Reflection on Gomez-Pena's work and the reading:

Gomez-Pena works a lot with community organizations and art galleries.

2 Claims:

1)'A hybrid identity is also a slippery one; it allows a person to mutate, to slide between cultures, languages, and histories, assuming a marginal identity like the trickster, a complex emblem of cultural otherness.' (24)
2)'The narration historicizes the performances and demonstrates how Gomez-Pena's [End page 26] focus on border identity has been adapted to different models and moments.' (25)

2 Counter-Claims:

1) '...identity is perceptible only through a relation to an other - it is a form of both resisting and claiming the other, declaring the boundary where the self diverges from and merges with the other.' (Phelan 1993, 13)
2) '...performance is 'representation without reproduction'(11), reminding us that its duplication and distance from the 'live moment' makes it something else - a product that participates in a reproductive economy.' (25)

Other Notes from the reading:

- Gomez-Pena creates polarities between ethnicity and therefore polarizes the audiences.
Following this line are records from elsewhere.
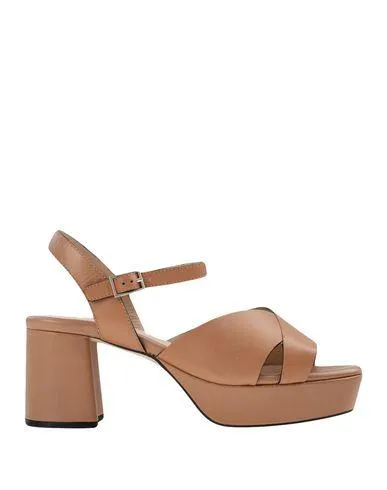 Bruno Premi Women Sandals Tan 7 UK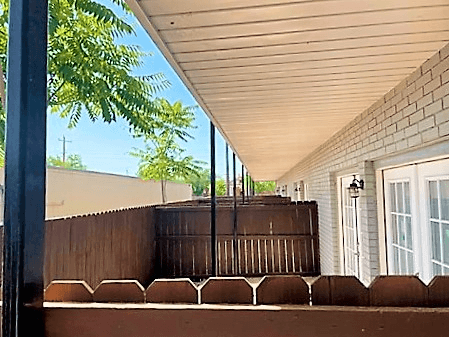 San Angelo Apartment: 302 Allen Street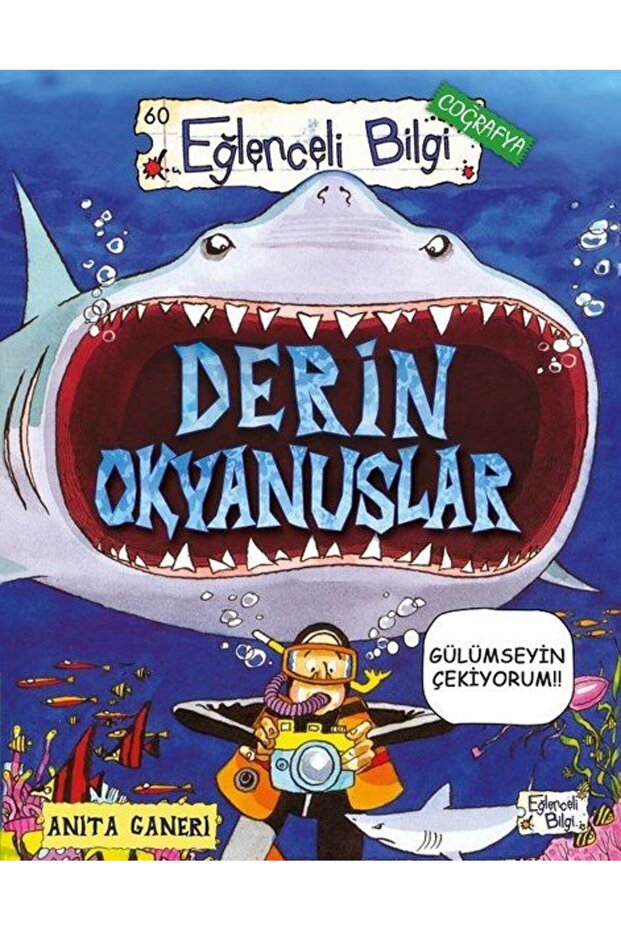 Deep Oceans - Fun Knowledge - 1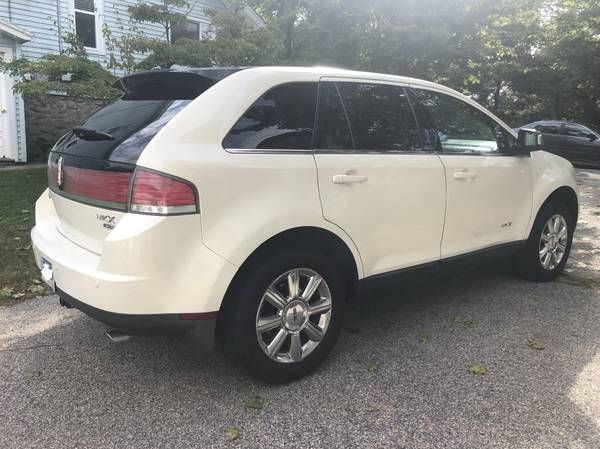 08 AWD Lincoln MKX Elite Pkg for sale in Mystic, NY – photo 10
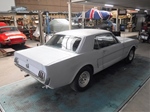 1965 Ford Mustang 260 Coupe oldtimer te koop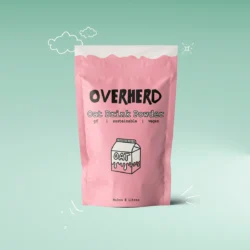 Overherd Oat Milk Powder - 800g (makes 8 litres)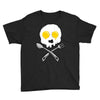 eggskull Youth Tee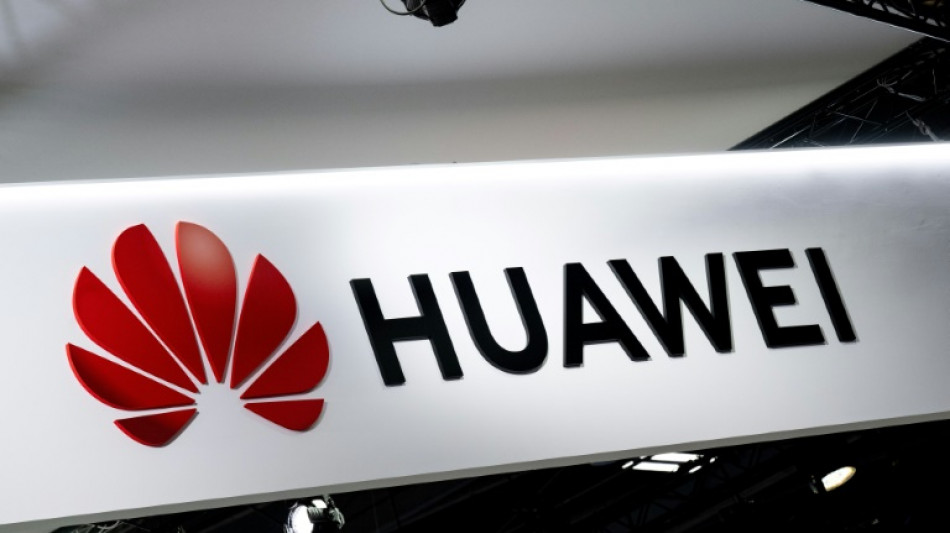 Huawei critica a la Unión Europea por calificar a la compañía china de "riesgo"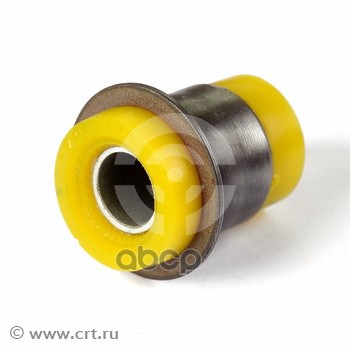 Полиуретановый сайлентблок передней подвески, нижнего рычага ВАЗ-2101, 2104, 2105, 2106, 2107, передней подвески, верхнего ры...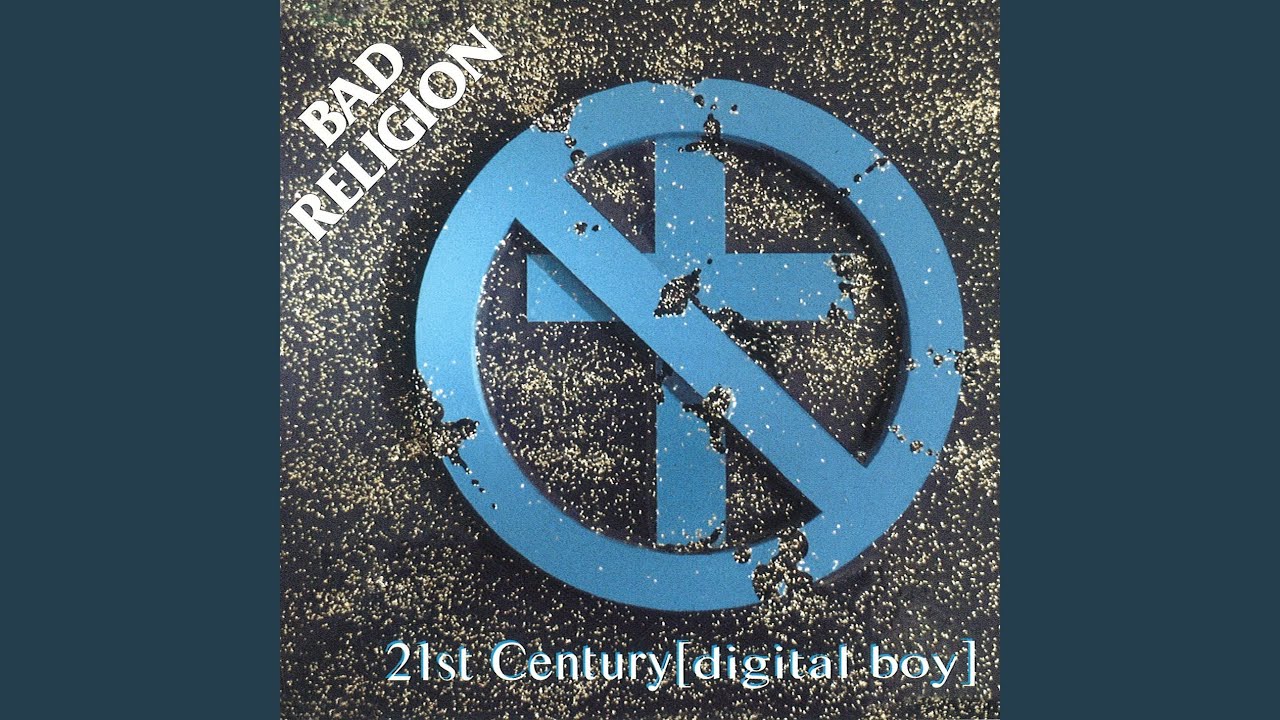 Bad Religion - Mediocrity
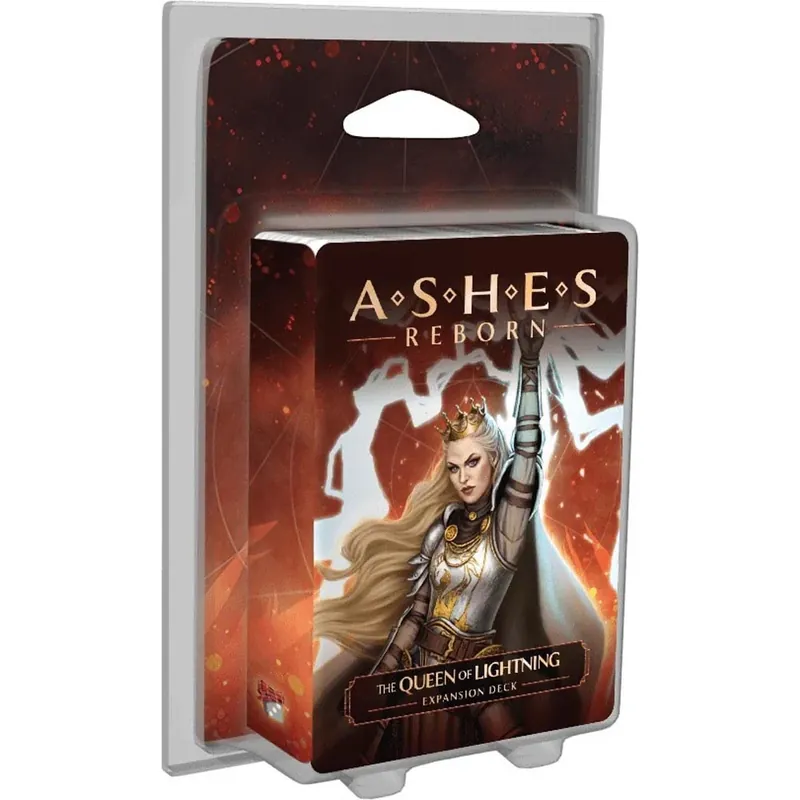 Trygg betalning | Ashes återfödde drottningen av Lightning Board Game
As a spectator you can only be either against him or for him.
- His performance breaks the fourth wall and therefore plants the seeds for thought.
- His work cannot be put into a genre and therefore appeals to a large range of people. How does it connect to things on the outside world?
- He victimizes himself against the American cultures, e.g. within his piece ' Returning to America after Black Tuesday,' he talks about being stopped at customs because of the way he looks. (Bonney 2000' 282).
- He illustrates the political within his work.
- Border identities is based on multiple identities.
- Does Gomez-Pena's work evoke multiple identities or is his work static? Peggy Phelan talks about it being very static compared to the work of Anna Deavere Smith's. Gomez-Pena does make his identities very polarized.
- Kuhnheim talks about a 'banking way of identity.' Different ways of finding identities by using examples of Anna Deavere Smith and Angelika Festa. She says,

I find alternative possibilities for undermining the authoritative structure of subject positions in performance such as that of Angelika Festa, who Phelan describes as upsetting the stable set of assumptions about the positions of the theatrical exchange in her refusal to participate in representational economy at all (163). Festa's performance portray disappearance itself. Anna Deavere Smith offers another alternative in her presentation of a variety of identitoes in Fires in the Mirror and Twilight, her theater pieces based on the Crowne Point and Los Angeles uprisings, respectively. Tania Modelski has called Smith's work 'an expression of Adornian non-identity in which the subject does not seek to identify or categorize the object, but to let it be in its difference.
(61)

Some video's on the work of Guillermo Gomez-Pena:

Gomez-Pena - 'Welcome to the Third World:

http://www.youtube.com/watch?v=EdEF3Sg-5w4

-He juxtaposes a lot of identities through costumes and symbols.

The Couple in the Cage - Clip - twin:

http://www.youtube.com/watch?v=gLX2Lk2tdcw

- Exploring the indigenous and native in a cage.
- Turns around stereotypes and explores them.

La Pocha Nostra:

http://www.youtube.com/watch?v=8bULnwRBVBk

-Talks about fear of the other.
-Uses stereotypes and combines them in a way to show how silly they are. They also a way of him showing the way people look and perceive other people.
-Looks at imperialism

http://www.youtube.com/watch?v=x9TSN-Mx9AE

Within our pieces we were told to think about how we can create humor within our work,or use subtle things that are based on politics!!!
Look at how text and image can relate to border identities.

How does the text under consideration perform its medley of identities via a word and image and what place does it allot its audience?
How does Gomez-Pena define border and border-crossings?

-He brings everything to the surface and makes you question your own stereotypes.
-It is an integration of costumes and the perception that people see in cultures.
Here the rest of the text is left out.